▶ What the exercise asks
Repeat the records below exactly from the line containing "Chaleco de lino H303 white swan" to the line containing "Vintage Gestrickte Tweed", taking in both of those lines. Drop the pictures.

▶ Information provided
====================

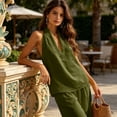 thumbnail image 7 of Linen Halter Tops for Women Flowy Loose Fit Sleeveless Tank Top Casual Summer V Neck Blouses Beach Clothes Army Green XL, 7 of 7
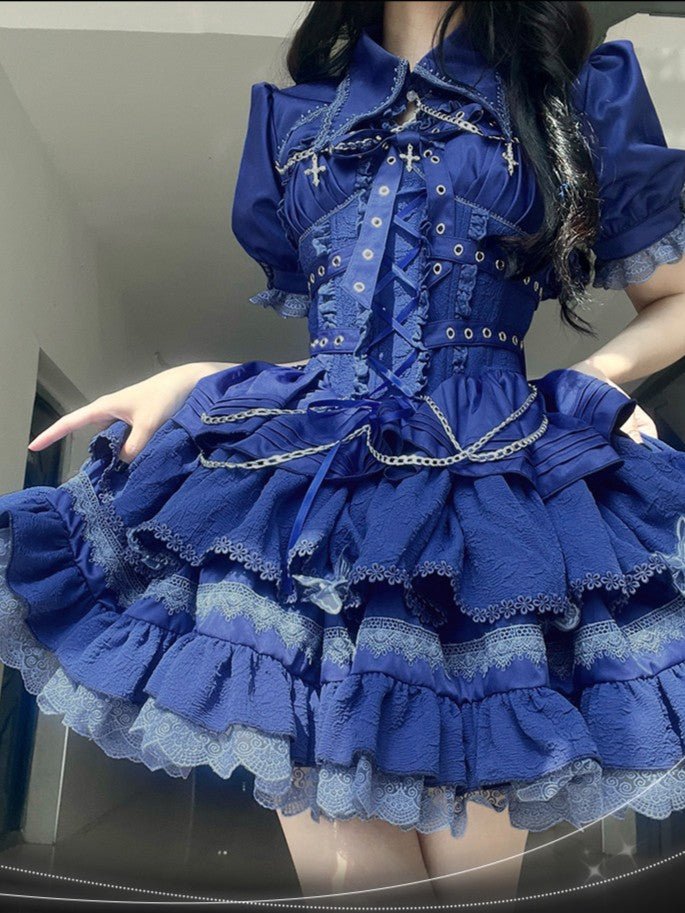 Contract Cross Gothic Blue Pink Purple JSK - LolitaEraBlue JSK+TopSContract Cross Gothic Blue Pink Purple JSK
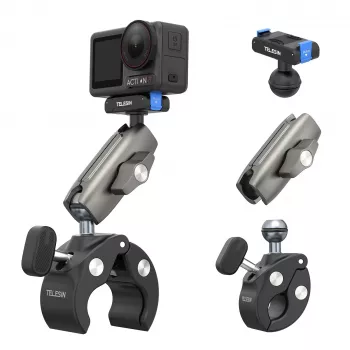 Držák s upínací svorkou TELESIN Magic Arm pro DJI Osmo Action 5 Pro/4/3, Osmo 360, GoPro, Insta360 – S3-HBM-14-TDJ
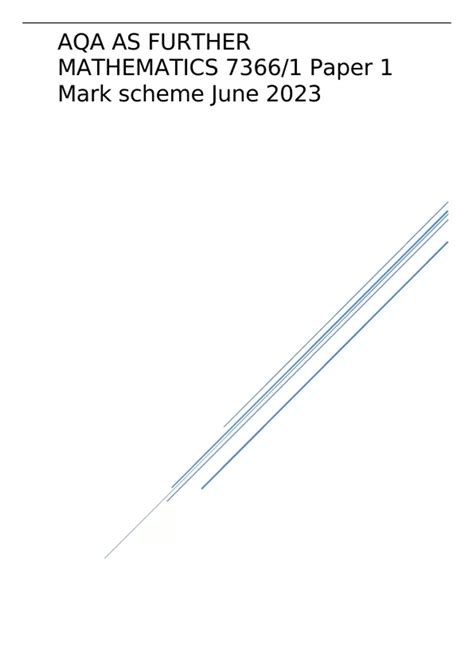Aqa Mathematics Linear 43651h Mark Scheme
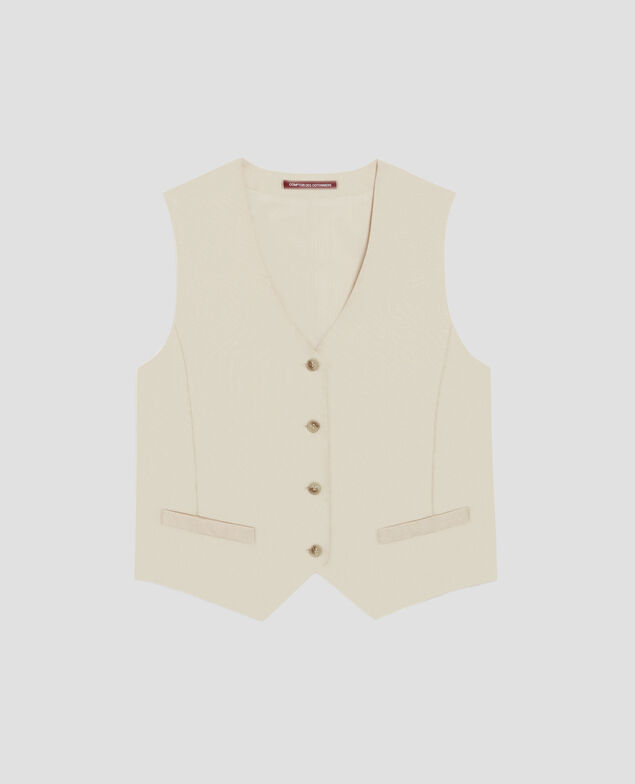 Chaleco de lino H303 white swan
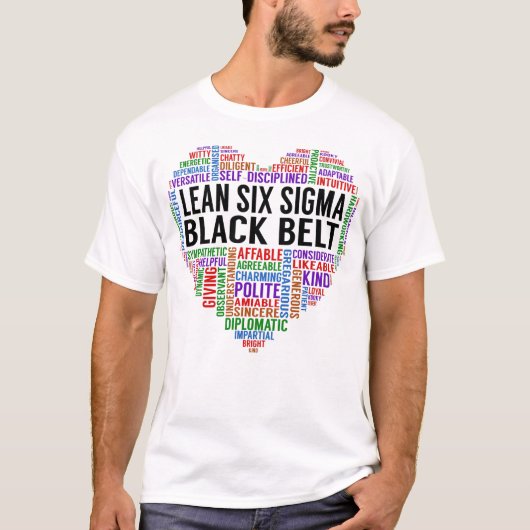 Lean Six Sigma Black Belt Heart T-shirt (Voorkant)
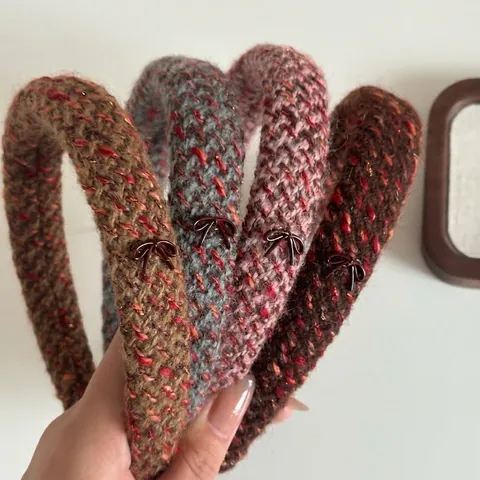 Vintage Gestrickte Tweed Schwamm Gepolsterter Haarreif Für Damen Koreanischer Stil Gestreiftes Haarband Mit Roter Schleife Herbst Winter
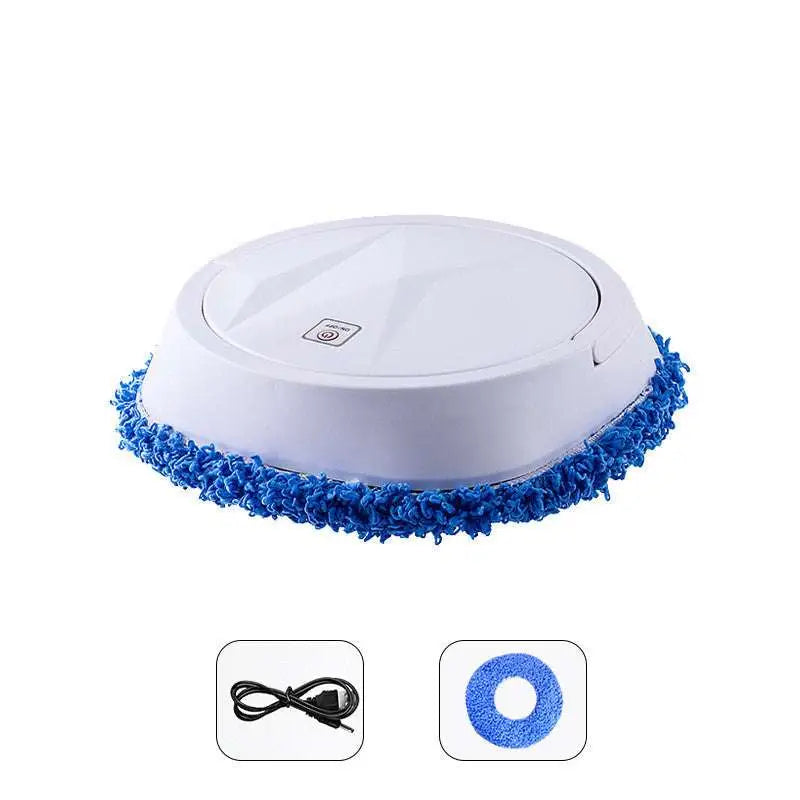 White circular robot lazy home smart mopping machine with blue microfiber cleaning pad for efficient floor cleaning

====================

▶ Final answer
 Chaleco de lino H303 white swan
 Lean Six Sigma Black Belt Heart T-shirt (Voorkant)
 Vintage Gestrickte Tweed Schwamm Gepolsterter Haarreif Für Damen Koreanischer Stil Gestreiftes Haarband Mit Roter Schleife Herbst Winter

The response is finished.